IP segments, DNS zones and hostname best practice
Once I needed to come up with some reasonable convention of network and DNS zoning as
the company network should have consist of few offices connected together with few more server housing centres.
IP segments, DNS zoning and hostname conventions must have been taken into account.
I was given a free hand as any sofisticated network topology wasn’t build so far and whole company was using simple privat IP segment of 10.0.0.0/8 which satisfied some basic company needs.
First of all I was searching for some “best practice” regarding server hostnames as well as DNS zones naming schemas. I discovered few posts about choosing right hostnames for servers, switches and printers which gave me some rough idea. Another thing I read was RFC 1178 about how to choose a right hostname
The only thing that seemed to be clear at this point was the fact that there would be different IP segments accross all of company officess and server housing centers. Those would be then connected and routed together throgh some VPN server.
After while I came up with this:
- Each server is assigned its unique number which is used as prefix for server hostname (e.g. server057 )

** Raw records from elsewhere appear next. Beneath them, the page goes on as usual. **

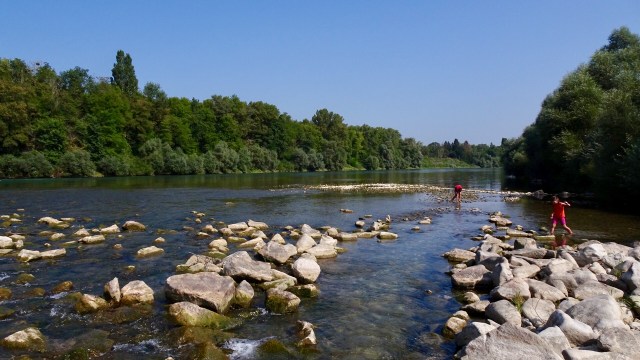 D3EA3341-A15C-47B2-BFBE-20D7767752D9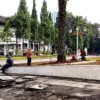 Sejumlah pekerja di Halaman Gedung Sate. (son)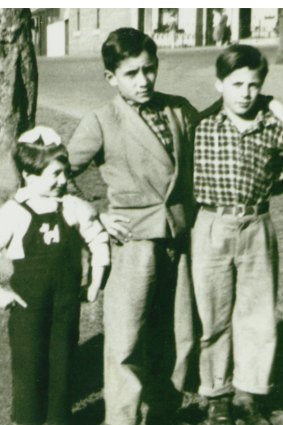Carmel, Vince and Quin Scalzo in North Melbourne c. 1956. 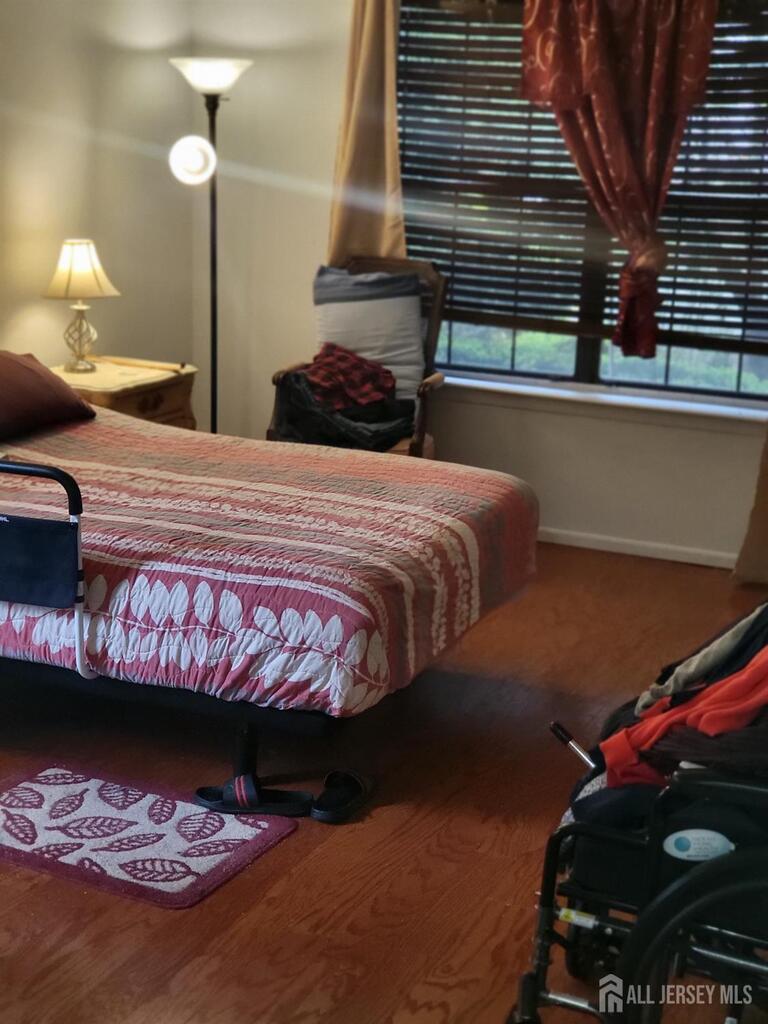 Photo 10 of 1002 Hidden Village Drive, Perth Amboy NJ 08861, Perth Amboy, NJ
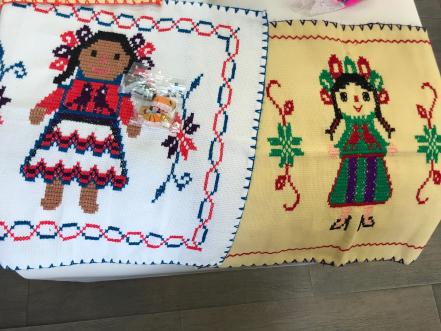 Muñequitas, artesanos mantienen su arte a la vanguardia 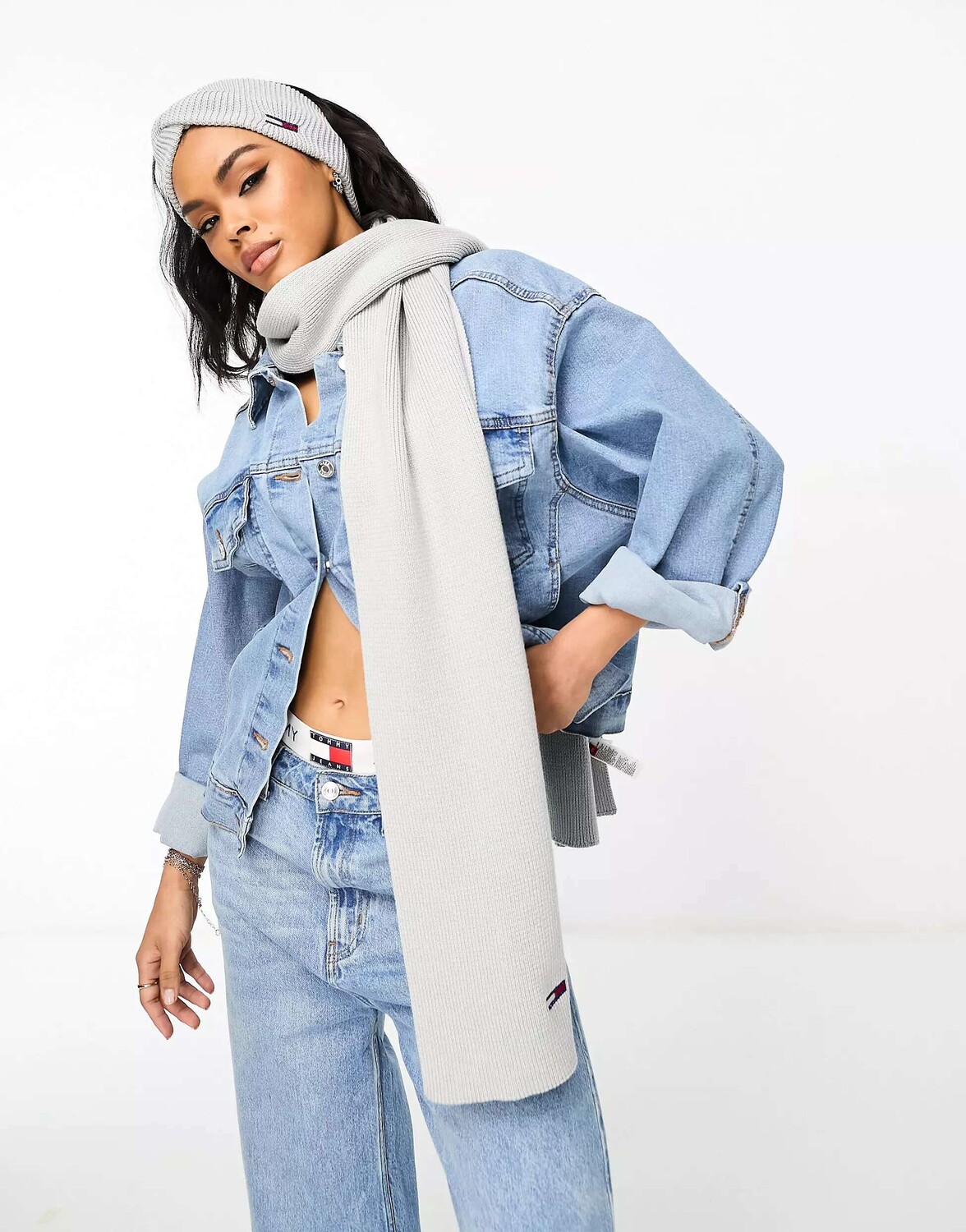 

Серебристо-серый шарф с флагом и логотипом Tommy Jeans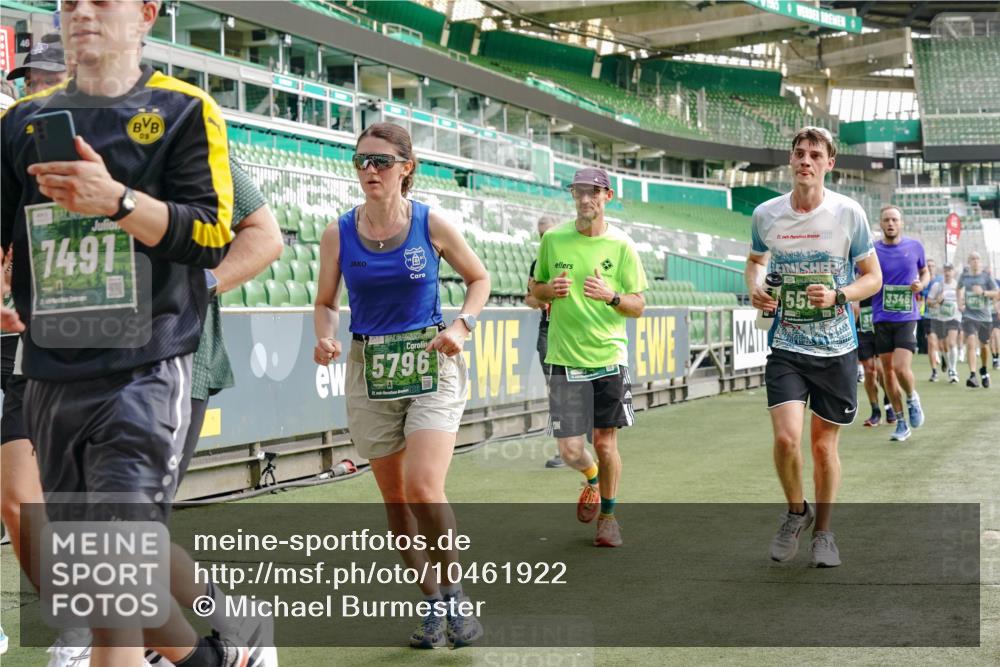 13.09.2026 - 21. swb-Marathon Bremen Michael Burmester http://msf.ph/oto/10461922 13.09.2026 12:55:21 Laufen im Stadion 161, 189, 201, 205, 307, 385, 388, 411, 461, 465, 481, 495, 655, 666, 816, 827, 854, 913, 1053, 1058, 1076, 1197, 1390, 1419, 1537, 1551, 1599, 1631, 1645, 1658, 1750, 2122, 2125, 2234, 2251, 2260, 2319, 2383, 2390, 2474, 2499, 2604, 2701, 2733, 2801, 2824, 2870, 2882, 2913, 2922, 2962, 2971, 3012, 3054, 3057, 3134, 3175, 3192, 3206, 3241, 3246, 3346, 3356, 3357, 3411, 3508, 3706, 3716, 3836, 4135, 4137, 4171, 4413, 4455, 4479, 4733, 5277, 5430, 5530, 6106, 2498, 3085 meine-sportfotos.de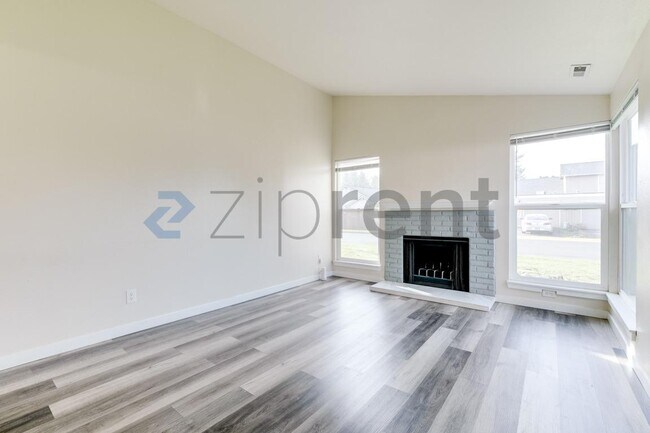 Photo - 3002 M Dr NE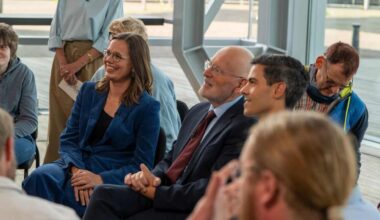 Vanavond op TV: Een buitengewoon gesprek, Antoni van Leeuwenhoek - Over leven met kanker, The Bourne Ultimatum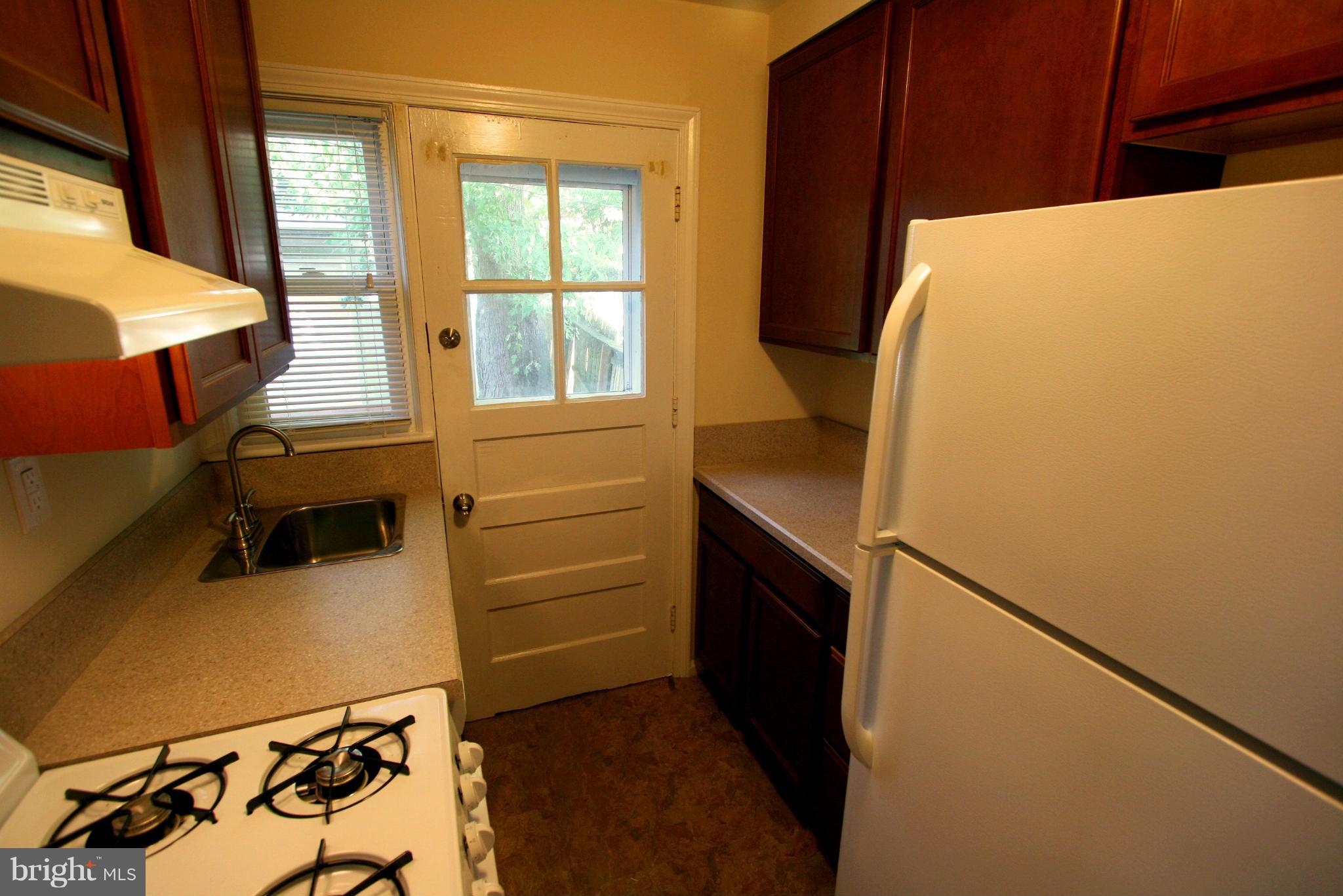 JEFFERSON MANOR - Residential Lease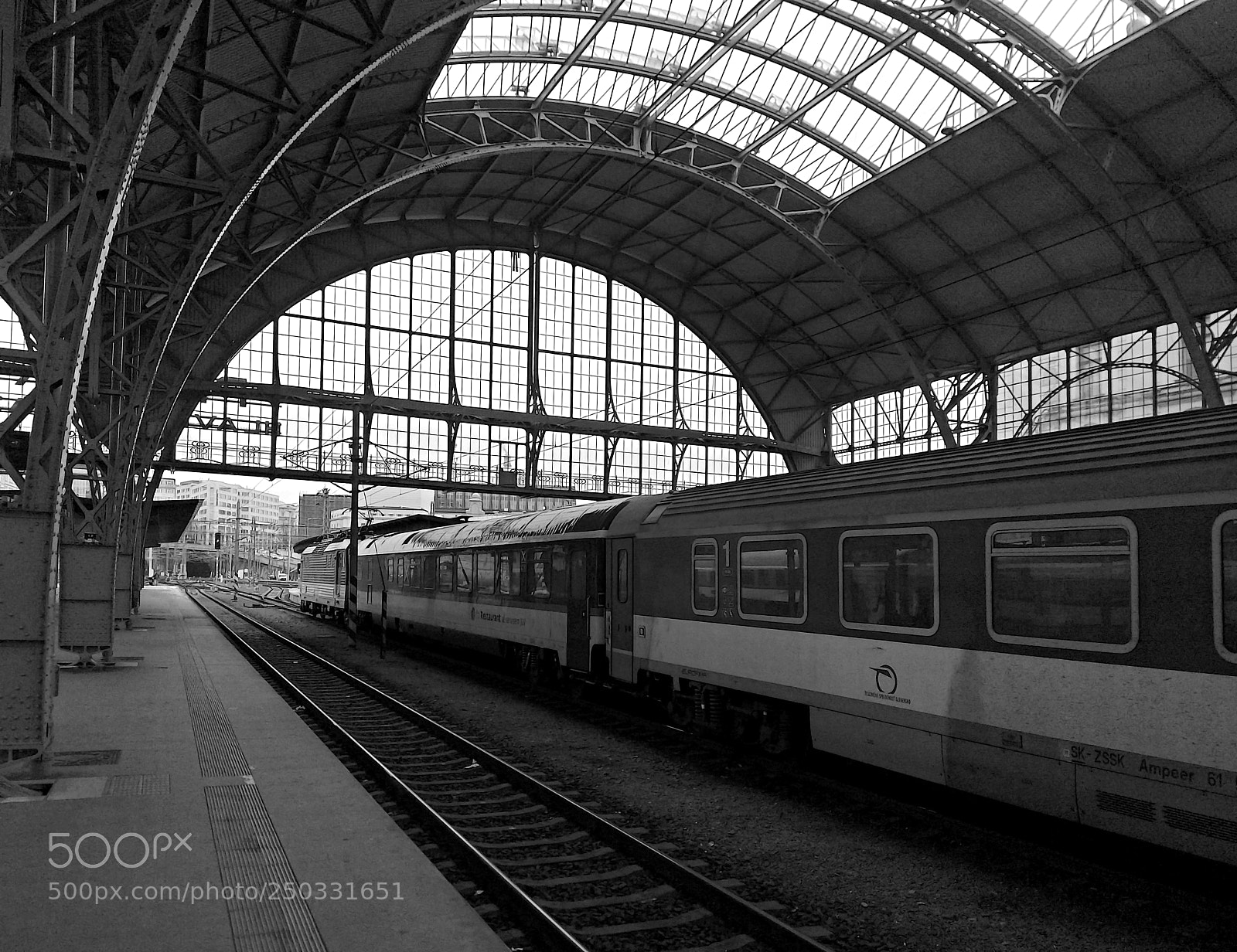 Xiaomi Redmi Note 4 sample photo. Prague main railway station photography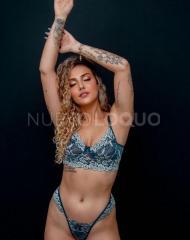 Preciosa brasileña cuerpo sensual candente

- Switches are named likewise ( e.g. switch002 )
Ok, I found a table hostname convention for servers and switches but hostnames is one thing but how to fit those hostnames into DNS zone(s). I wasn’t determined yet if there should only be one DNS zone for a whole LAN including more server housings and offices. The server would be then identified as server001.domain.com. That’s nice but what if I want to get know about the physical location of the server as it could be placed in any office and in case of hardware failure one would need to see it. You could then see the way to solve all this be putting together the server’s hostname and it’s location. RFC 1178 says that you should avoid geographical names what makes sense when you imagine that once you could replace server A from city A to city B and at this point you would have server A in city B. Of cource you could still change server’s hostname but this is not the way I would choose as my primary goal was to pick unique hostname for each hardware piece which should never change in future and thus could be used for example in accounting system where you must have an ability to identify hardware according to it’s serial number or any other unique name.
This led me to give up the idea of one domain zone for a whole company as I could likely use different zones for different locations. In such zones could be then placed all servers and thus could also be easily observable their real location. Those zones looked like dcXX.company.com where DC stands for datacenter and XX for it’s unique ID. All you need is to have a list of what DC number is what location of your bussiness unit or you can just remember them if you have just few of them. The server with unique number 008 placed in datacenter 01 could be then reachable at server008.dc1.company.com. That’s pretty clear but what if I had much more datacentres and woudn’t know that server008 was placed in dc1 zone. Then I would have to look into DNS configuration files to find out where it was placed. The trick was to manage another special DNS zone adm.company.com where every single piece of hardware is registered as CNAME records pointing to proper DC zone. E.g. for “dig server002.adm.company.com” I should get result such as
server002.adm.company.com. 3600 IN CNAME server002.dc1.company.com.
server002.dc1.company.com. 3600 IN A 192.168.1.2
Another thing is that each server has a reference (in resolv.conf) to a domain where it’s placed. That’s nothing more than search dc1.comapny.com line in resolv.conf placed on every signel server. You might think what this could be good for but let’s assume we have more data centers and we would like to put few network services to them such as LDAP server, Database server. The point is to have just one independent LDAP server and one Database server in every single datacenter.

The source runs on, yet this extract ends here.